As we inhabit the heads of several key characters — some kids who have it, some who don't, some who are about to get it — what unfolds isn't the expected battle to fight the plague, or bring heightened awareness to it , or even to treat it. What we become witness to instead is a fascinating and eerie portrait of the nature of high school alienation itself — the savagery, the cruelty, the relentless anxiety and ennui, the longing for escape.
And then the murders start.
As hypnotically beautiful as it is horrifying, Black Hole transcends its genre by deftly exploring a specific American cultural moment in flux and the kids who are caught in it- back when it wasn't exactly cool to be a hippie anymore, but Bowie was still just a little too weird.
To say nothing of sprouting horns and molting your skin...

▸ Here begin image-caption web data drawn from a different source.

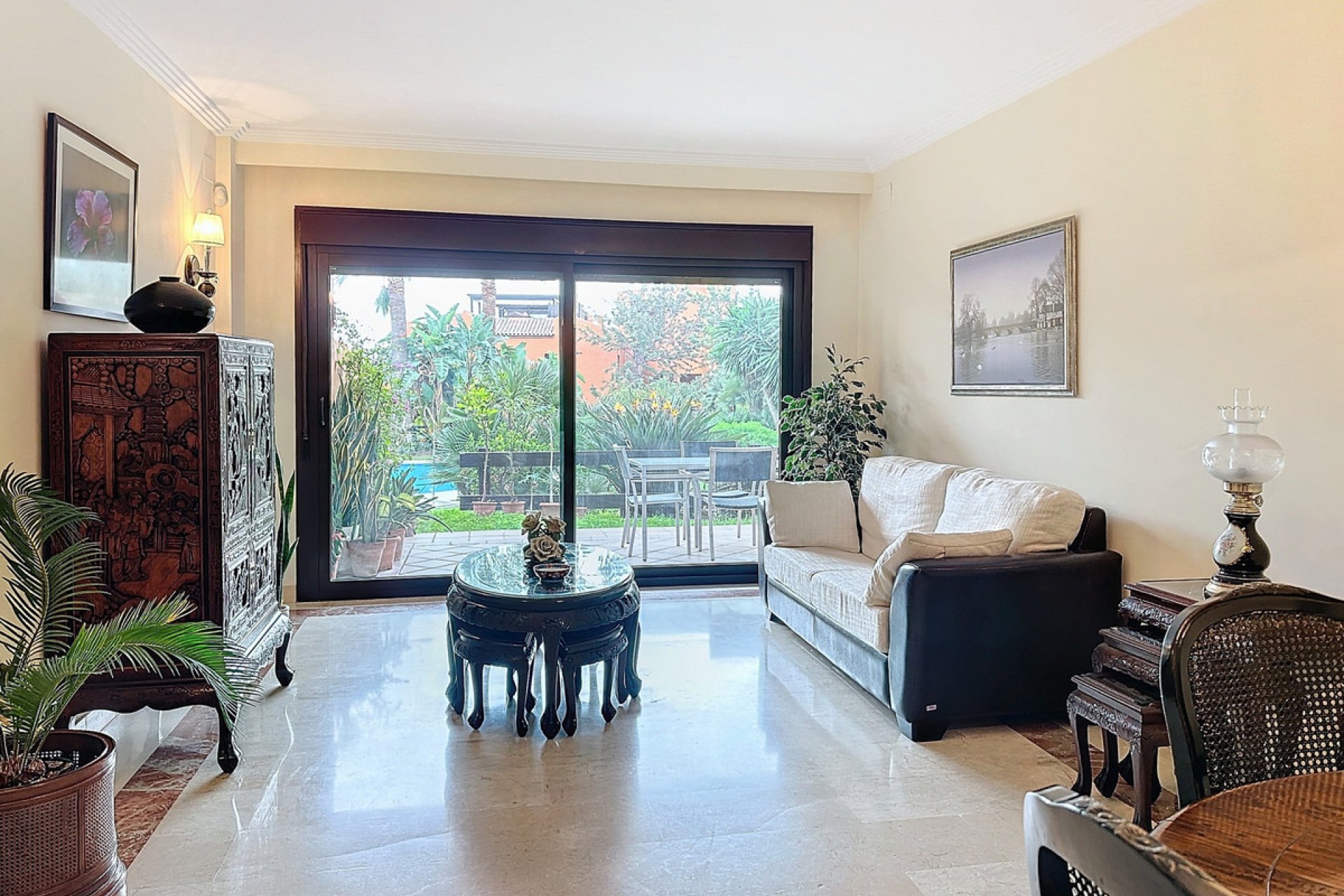 Resale - Apartment - Ground Floor Apartment - Estepona - Estepona Centro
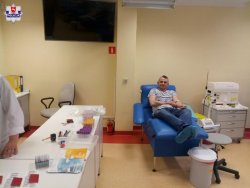 policjant oddający krew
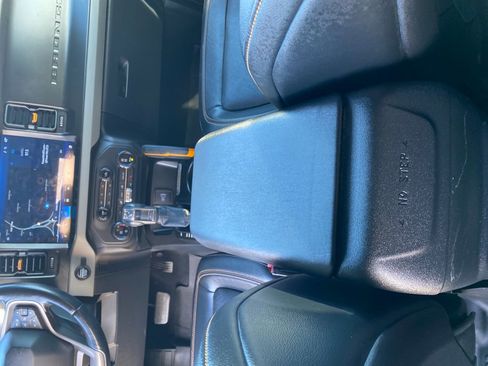 Used 2021 Ford Bronco Badlands image 24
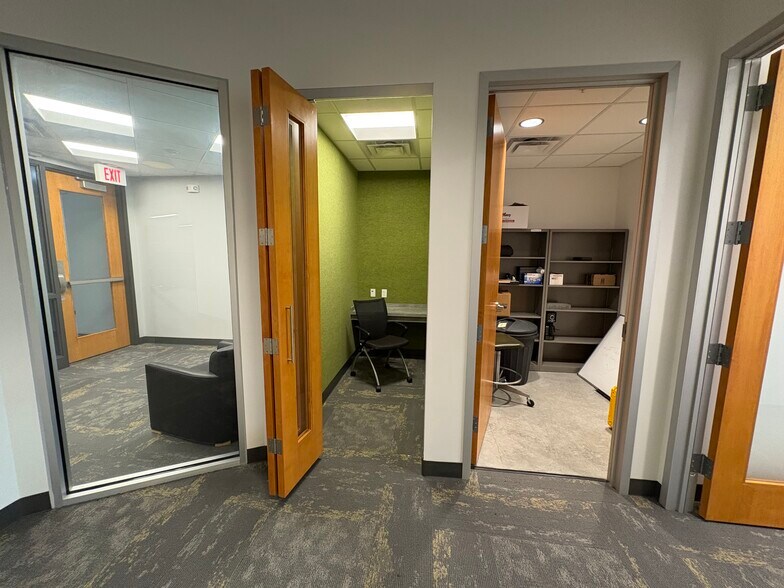 More Photos Of 1330 Win Hentschel Blvd, West Lafayette Office For Lease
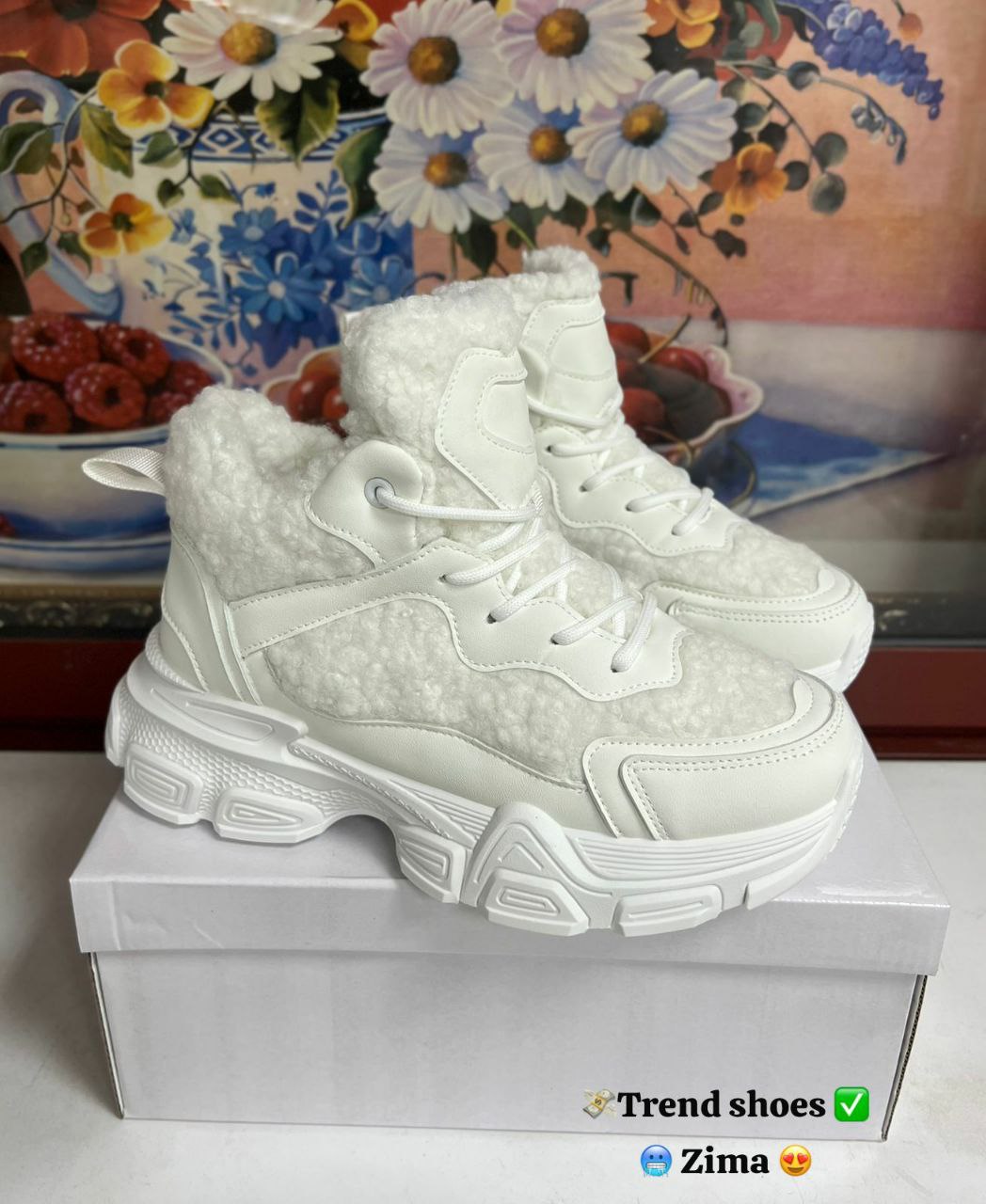 фото зимние женские кроссовки оптом с доставкой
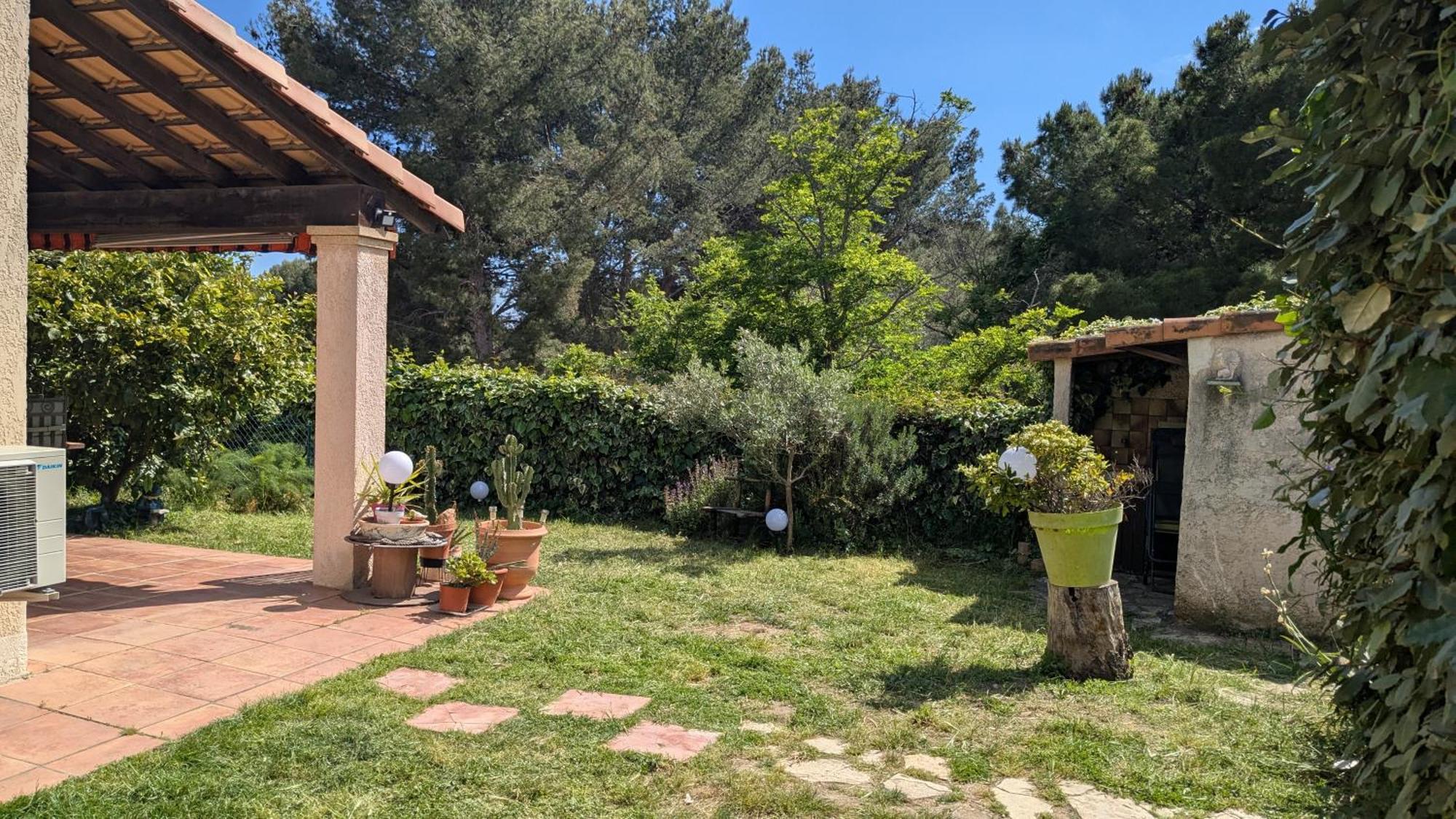 Maisonnette Kalis Calme Avec Climatisation Parking Jardin Cadre Campagne Plages A Pieds Bandol Eksteriør bilde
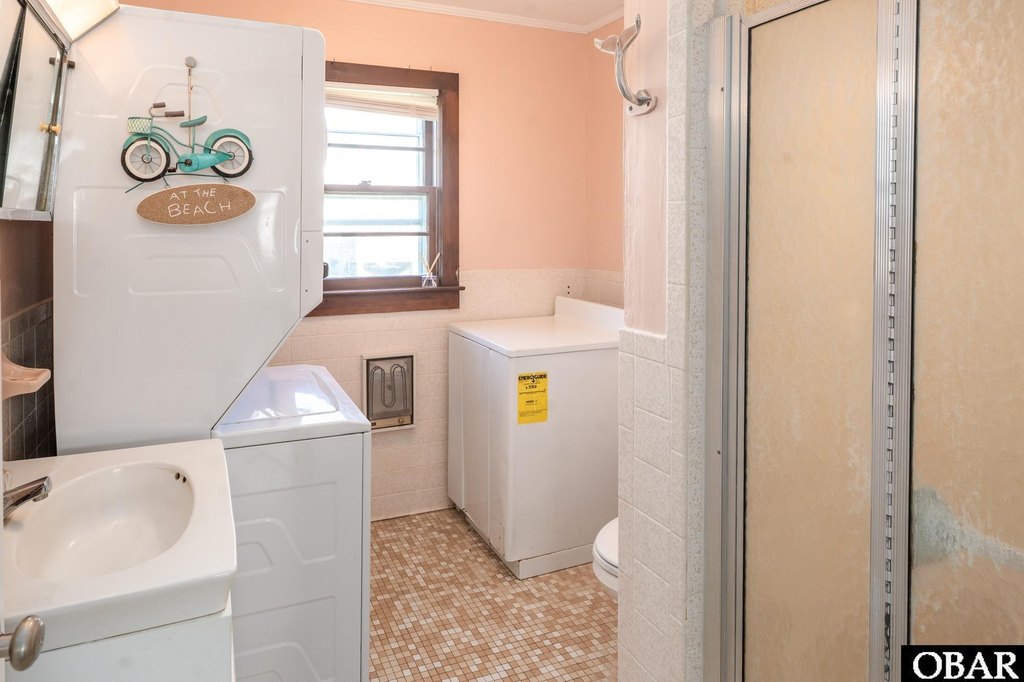 Nags Head, North Carolina, 27959, United States, 3 Bedrooms Bedrooms, ,1 BathroomBathrooms,Residential,Forsale,2008051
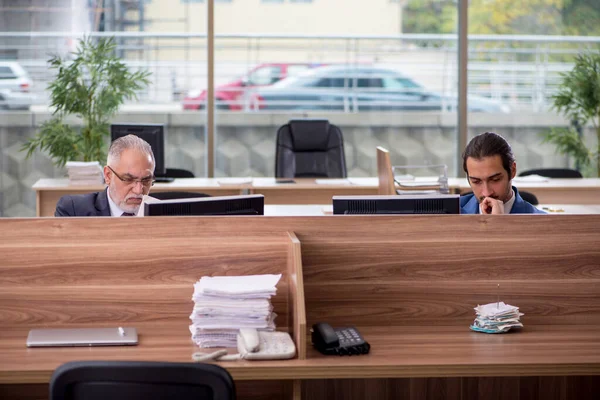 Dois empresários empregados que trabalham no escritório — Fotografia de Stock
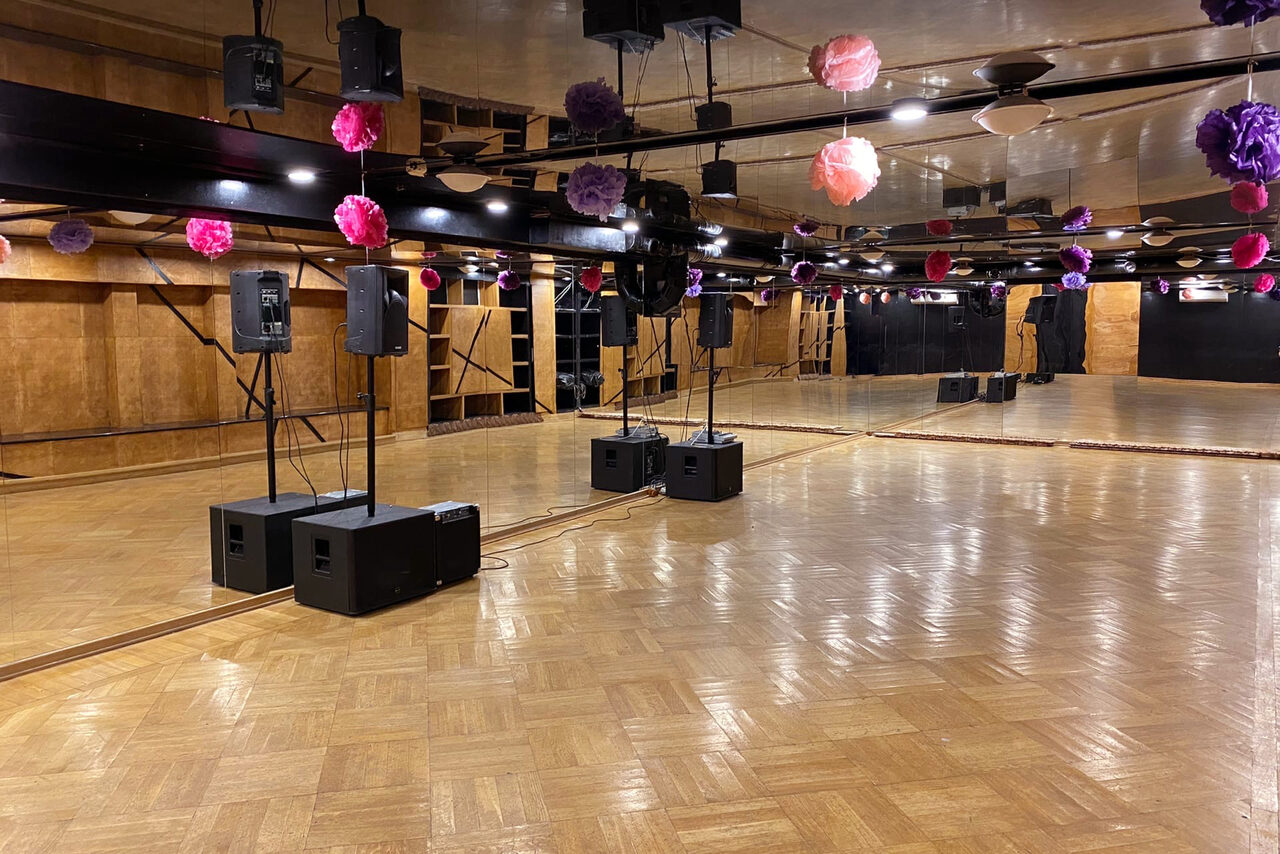 Арендовать Стильный зал для занятий и праздничных мероприятий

CHARLES BURNS grew up in Seattle in the 1970s. His work rose to prominence in Art Spiegelman’s Raw magazine in the mid-1980s and took off from there, in an extraordinary range of comics and projects, from Iggy Pop album covers to the latest ad campaign for Altoids. In 1992 he designed the set for Mark Morris’s delightful restaging of The Nutcracker (renamed The Hard Nut) at BAM. He’s illustrated covers for Time, The New Yorker, and The New York Times Magazine. He was also tapped as the official cover artist for The Believer magazine at its inception in 2003. Burns lives in Philadelphia with his wife and two daughters.